[dfdl-wg] Plumbing document

Mon Sep 5 12:59:21 CDT 2005

The only reason I haven't released the document "officially" to the 
working group is that it is very incomplete and half baked. There are no 
IP concerns. 

I'm concerned that the approach doesn't even hold up. In particular there 
is a "forward induction" from earlier fields to later fields implied in 
the approach. I'm not sure this works except for "stream-capable" formats. 
Some formats can depend on random access capabilities, or definition 
working back from the end of the data. 

Mike Beckerle
Architect, Scalable Computing
IBM Software Group
Information Integration Solutions
Westborough, MA

Martin Westhead <martinwesthead at yahoo.co.uk> 
Sent by: owner-dfdl-wg at ggf.org
09/05/2005 09:12 AM

To
"Robert E. McGrath" <mcgrath at ncsa.uiuc.edu>
cc
dfdl-wg at gridforum.org
Subject
Re: [dfdl-wg] Plumbing document

Hi Robert,

See inline:

Robert E. McGrath wrote:
> Greetings,
> 
> I took a quick glance at the streams and semantics notes sent yesterday.
> 
> There is obviously common ground here, and both meshed with my own
> half-baked thinking.
> 
> They did make me disagree with one part of the approach, which may
> make things a little simpler.
> 
> So here's my thinking.
> 
> IMO, there is no reason to worry about a detailed definition of streams.
> 
> It seems to me that we are simply dealing with sequences of bits, which
> can be streams or not.
> 
> So I see the universe of DFDL as:
> 
>    sequence of bits ==> computer science data type ==> seq. of bits
> 
> where CS data type is "byte", "int32", etc. (Z, G, et al. in the 
semantics
> note)

There are two issues/points I have with your statement above:

  1. We have chosen (at this point) the XML/XML Schema data model as our 
data model. Another way of thinking about what we are doing here as 
follows: XML Schema provides a way of describing the syntax and type 
level semantics of XML documents. DFDL extends that capability so that 
XML Schema can describe other (want to say "all") text and binary formats.

  2. DFDL is describing:

  bits ==> XML type ==> ... ==> XML type ==> ... ==> XML type ==> bits

i.e. there are arbitrary layers of description that we would like that 
need to be separable (modular). e.g.

bits ==> strings ==> ints ==> (back again).
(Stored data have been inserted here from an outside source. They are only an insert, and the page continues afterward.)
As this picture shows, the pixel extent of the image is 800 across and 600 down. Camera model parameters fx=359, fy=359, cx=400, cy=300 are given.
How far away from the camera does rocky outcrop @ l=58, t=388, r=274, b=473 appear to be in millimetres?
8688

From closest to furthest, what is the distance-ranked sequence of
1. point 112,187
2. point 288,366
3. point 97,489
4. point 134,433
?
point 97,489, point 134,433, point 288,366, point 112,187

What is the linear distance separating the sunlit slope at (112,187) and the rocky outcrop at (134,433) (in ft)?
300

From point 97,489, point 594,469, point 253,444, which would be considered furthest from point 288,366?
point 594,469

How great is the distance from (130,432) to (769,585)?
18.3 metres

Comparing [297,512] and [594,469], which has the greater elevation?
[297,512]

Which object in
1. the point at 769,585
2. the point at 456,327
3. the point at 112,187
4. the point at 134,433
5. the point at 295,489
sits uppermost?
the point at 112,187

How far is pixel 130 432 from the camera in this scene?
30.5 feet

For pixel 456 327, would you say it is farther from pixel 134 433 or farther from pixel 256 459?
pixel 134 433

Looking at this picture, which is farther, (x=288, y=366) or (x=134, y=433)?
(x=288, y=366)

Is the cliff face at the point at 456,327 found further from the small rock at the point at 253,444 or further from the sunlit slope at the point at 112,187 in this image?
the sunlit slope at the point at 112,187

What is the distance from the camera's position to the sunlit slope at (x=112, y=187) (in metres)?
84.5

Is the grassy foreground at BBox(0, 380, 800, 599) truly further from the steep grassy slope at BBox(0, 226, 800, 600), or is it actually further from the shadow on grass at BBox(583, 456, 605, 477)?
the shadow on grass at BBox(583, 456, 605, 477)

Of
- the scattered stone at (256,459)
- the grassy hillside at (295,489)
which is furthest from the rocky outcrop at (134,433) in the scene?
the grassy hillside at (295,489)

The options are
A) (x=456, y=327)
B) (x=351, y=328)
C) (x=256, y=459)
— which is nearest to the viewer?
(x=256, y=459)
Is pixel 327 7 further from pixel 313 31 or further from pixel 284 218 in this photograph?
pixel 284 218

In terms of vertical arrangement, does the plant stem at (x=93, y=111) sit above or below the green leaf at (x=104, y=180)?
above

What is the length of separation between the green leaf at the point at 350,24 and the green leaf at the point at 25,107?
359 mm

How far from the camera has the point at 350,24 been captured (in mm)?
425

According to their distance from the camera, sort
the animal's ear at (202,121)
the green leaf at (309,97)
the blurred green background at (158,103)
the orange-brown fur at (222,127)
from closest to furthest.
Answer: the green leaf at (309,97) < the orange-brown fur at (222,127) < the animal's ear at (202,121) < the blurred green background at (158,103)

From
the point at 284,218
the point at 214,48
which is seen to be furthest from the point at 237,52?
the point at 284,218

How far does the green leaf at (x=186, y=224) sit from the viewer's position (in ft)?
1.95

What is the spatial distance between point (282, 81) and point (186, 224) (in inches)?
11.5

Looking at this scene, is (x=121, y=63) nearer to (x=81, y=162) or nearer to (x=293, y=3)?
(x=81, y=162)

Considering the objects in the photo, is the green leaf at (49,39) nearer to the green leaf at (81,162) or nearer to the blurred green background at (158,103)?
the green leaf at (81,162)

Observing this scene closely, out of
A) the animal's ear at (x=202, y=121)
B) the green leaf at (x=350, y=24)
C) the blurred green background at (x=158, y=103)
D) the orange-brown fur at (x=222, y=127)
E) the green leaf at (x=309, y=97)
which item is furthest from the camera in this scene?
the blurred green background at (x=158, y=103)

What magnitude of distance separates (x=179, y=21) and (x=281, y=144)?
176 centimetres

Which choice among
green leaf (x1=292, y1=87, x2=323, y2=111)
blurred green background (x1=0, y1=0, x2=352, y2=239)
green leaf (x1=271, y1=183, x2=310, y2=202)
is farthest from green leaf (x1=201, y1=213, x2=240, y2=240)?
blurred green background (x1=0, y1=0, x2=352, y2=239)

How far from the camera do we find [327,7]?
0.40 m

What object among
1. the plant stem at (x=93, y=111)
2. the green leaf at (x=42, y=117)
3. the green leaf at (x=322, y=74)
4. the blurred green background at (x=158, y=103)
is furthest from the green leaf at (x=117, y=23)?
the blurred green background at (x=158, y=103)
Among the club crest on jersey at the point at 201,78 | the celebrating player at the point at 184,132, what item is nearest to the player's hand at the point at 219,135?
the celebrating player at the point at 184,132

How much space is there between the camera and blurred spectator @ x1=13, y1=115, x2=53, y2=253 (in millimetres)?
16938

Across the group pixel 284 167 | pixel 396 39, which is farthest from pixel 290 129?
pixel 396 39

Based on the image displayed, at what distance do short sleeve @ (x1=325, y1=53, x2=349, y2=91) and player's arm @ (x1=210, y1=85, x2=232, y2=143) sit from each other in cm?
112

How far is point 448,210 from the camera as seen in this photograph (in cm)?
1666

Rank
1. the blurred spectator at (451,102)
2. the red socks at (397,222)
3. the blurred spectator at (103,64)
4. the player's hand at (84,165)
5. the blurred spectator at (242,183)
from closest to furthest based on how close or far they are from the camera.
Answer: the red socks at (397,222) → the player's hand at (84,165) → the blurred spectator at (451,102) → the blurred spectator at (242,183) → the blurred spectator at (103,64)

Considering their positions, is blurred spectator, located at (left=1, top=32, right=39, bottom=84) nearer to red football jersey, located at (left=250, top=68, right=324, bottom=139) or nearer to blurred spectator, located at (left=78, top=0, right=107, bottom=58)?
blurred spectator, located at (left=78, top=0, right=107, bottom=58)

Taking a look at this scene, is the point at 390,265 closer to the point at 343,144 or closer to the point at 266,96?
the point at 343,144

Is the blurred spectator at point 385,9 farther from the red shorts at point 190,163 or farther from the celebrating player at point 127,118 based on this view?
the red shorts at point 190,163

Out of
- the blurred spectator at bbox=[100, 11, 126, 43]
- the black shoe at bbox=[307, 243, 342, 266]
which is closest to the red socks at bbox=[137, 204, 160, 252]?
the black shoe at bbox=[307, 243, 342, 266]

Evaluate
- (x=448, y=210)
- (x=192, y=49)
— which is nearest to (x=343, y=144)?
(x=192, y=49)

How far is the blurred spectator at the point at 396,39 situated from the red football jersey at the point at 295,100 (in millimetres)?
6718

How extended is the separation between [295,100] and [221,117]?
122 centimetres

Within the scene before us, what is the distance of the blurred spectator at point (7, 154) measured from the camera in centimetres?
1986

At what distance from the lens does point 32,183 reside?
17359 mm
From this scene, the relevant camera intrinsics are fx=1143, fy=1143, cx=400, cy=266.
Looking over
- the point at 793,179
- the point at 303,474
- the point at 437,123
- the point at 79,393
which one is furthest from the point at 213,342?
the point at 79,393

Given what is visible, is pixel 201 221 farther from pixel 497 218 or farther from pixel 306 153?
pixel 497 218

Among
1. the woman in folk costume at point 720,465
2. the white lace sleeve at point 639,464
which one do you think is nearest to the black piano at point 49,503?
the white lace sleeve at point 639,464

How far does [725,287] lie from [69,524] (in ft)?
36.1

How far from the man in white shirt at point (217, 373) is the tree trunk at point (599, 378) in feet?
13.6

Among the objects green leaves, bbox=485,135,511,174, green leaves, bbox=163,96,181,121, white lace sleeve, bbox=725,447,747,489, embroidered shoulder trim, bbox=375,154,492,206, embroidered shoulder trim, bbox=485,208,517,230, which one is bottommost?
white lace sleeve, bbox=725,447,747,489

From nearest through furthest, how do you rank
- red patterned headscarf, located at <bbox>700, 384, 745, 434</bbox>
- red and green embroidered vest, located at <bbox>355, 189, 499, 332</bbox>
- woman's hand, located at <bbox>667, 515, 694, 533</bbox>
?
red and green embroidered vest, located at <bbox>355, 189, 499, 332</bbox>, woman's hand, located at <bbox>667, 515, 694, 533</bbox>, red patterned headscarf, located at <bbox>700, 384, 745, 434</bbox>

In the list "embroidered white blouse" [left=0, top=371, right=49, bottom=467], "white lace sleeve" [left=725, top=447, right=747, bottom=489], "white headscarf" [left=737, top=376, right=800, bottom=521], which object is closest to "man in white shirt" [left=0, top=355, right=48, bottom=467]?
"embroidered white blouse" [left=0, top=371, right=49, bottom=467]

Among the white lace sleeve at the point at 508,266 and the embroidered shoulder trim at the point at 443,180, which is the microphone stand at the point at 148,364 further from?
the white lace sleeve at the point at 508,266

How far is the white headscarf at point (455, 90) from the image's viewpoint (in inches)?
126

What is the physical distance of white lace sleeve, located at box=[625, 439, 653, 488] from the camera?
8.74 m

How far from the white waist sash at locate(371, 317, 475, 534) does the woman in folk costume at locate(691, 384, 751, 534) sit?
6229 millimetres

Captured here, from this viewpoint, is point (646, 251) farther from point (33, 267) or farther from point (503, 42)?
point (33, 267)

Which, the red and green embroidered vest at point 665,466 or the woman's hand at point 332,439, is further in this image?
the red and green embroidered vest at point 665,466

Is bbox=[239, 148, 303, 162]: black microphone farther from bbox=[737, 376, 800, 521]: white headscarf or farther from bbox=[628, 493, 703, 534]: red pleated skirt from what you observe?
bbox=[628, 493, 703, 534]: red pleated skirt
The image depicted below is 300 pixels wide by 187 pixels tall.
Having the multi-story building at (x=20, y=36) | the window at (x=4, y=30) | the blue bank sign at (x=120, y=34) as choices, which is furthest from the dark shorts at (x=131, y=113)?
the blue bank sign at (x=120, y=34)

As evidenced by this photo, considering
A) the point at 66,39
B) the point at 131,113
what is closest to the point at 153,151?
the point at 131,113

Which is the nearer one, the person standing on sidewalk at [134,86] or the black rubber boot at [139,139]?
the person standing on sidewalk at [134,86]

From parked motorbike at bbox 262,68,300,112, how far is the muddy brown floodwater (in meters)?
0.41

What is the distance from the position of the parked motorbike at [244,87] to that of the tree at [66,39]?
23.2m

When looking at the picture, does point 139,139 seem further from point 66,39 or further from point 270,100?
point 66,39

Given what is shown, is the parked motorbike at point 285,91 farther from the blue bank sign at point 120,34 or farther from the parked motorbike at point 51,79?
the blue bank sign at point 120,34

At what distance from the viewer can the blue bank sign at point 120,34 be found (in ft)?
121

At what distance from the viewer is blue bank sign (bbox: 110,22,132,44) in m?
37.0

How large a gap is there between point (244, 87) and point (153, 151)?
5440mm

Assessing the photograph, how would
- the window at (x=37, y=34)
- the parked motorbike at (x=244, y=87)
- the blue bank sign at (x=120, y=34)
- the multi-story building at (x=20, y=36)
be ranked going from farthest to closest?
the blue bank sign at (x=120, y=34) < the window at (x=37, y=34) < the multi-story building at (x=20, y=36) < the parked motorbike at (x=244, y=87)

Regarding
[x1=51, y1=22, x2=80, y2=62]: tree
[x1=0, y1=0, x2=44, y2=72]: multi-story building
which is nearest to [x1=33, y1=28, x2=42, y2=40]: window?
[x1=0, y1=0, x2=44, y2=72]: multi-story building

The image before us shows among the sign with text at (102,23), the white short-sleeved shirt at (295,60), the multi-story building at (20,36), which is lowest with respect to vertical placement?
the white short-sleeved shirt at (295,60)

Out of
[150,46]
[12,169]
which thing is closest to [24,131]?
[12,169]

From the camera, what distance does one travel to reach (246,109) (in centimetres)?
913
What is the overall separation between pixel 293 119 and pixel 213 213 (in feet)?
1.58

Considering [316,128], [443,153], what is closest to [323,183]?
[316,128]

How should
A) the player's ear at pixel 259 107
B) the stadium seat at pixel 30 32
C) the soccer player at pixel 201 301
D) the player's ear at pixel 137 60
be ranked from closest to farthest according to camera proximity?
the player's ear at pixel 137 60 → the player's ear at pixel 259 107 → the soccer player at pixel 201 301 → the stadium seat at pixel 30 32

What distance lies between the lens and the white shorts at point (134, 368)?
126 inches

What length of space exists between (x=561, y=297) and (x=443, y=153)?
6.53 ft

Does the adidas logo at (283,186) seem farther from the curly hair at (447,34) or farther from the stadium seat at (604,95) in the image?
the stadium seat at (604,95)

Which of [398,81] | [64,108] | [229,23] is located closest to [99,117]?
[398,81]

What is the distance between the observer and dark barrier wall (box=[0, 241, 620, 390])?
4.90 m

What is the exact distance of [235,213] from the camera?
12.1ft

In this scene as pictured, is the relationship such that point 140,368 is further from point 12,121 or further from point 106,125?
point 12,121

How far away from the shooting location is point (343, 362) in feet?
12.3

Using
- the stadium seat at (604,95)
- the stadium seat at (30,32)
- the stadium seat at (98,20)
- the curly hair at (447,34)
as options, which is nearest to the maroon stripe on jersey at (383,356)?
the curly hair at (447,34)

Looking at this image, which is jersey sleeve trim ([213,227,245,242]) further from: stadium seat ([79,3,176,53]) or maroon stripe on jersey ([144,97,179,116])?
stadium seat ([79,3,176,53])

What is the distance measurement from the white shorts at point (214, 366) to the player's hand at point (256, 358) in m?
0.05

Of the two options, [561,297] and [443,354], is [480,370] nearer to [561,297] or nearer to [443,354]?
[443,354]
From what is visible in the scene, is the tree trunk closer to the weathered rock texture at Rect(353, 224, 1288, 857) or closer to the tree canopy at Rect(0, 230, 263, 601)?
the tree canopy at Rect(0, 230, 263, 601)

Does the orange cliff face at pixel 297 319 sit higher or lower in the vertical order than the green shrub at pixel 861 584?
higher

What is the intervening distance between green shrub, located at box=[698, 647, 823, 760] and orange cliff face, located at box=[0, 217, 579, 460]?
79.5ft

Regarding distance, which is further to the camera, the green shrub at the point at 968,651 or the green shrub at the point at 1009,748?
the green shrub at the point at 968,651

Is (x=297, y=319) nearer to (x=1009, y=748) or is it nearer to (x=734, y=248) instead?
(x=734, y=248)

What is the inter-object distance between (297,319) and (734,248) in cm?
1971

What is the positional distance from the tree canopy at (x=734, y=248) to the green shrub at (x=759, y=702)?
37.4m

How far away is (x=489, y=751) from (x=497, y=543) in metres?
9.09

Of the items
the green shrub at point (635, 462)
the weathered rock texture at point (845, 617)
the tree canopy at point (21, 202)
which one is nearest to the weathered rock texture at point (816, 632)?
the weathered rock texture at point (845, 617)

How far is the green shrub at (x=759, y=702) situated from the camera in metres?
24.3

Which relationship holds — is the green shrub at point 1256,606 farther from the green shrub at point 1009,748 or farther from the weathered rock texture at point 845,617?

> The DFDL talks about the CS data types, with decorations to tell how to
> do the transformations to bits. I think that's all DFDL does (which is
> plenty!)
> 
> 
> Now the second place that "streams" enters the picture is to deal with
> XML's notion of the order of elements, which DFDL is trying to use
> to deal with the order of the bits. 
> 
> (I think this confuses me because it is overloading XML's notion of an 
> XML file with the organization of the described files.  You can make 
> it work, but it's not really clean, at least to me.)

I agree that this is a concern.

> To me, it is more natural to define a notion of a "sequence of CS data 
types",
> i.e., the elements. The decorations indicate where the bits for each
> element are (i.e., each element has it's own sequence of bits, not 
necessarily
> from a continuous stream). 
> 
> This is more general than a stream (it can accomodate random access), 
and 
> probably can be stated as a simple mapping. 
> 
> 
> So the summary is: 
> 
> I think it would simplify the abstractions to not talk about streams.
> 
> Instead, we should talk about sequences of bits, one for each element,
> and a model associating elements with bits.
> 
> 
> I hope this isn't to far off beam.

I think the big issue is the layering. It adds a complexity to the 
question of position, do you mean index by byte, by character or by 
comma separated value?

We want the representation of layers to be modular so that you can 
replace the string representation with a binary representation and the 
application (which is dealing with a list of numbers) does not need to 
know. It is important that the descriptions are contained and that the 
description of the integer list does not reference the underlying byte 
positions.

Layering is IMO the reason that we need some formal description, it is 
also the reason that it is hard. I would like to try to take this 
forward a little. I think in the wake of this new spec it is timely.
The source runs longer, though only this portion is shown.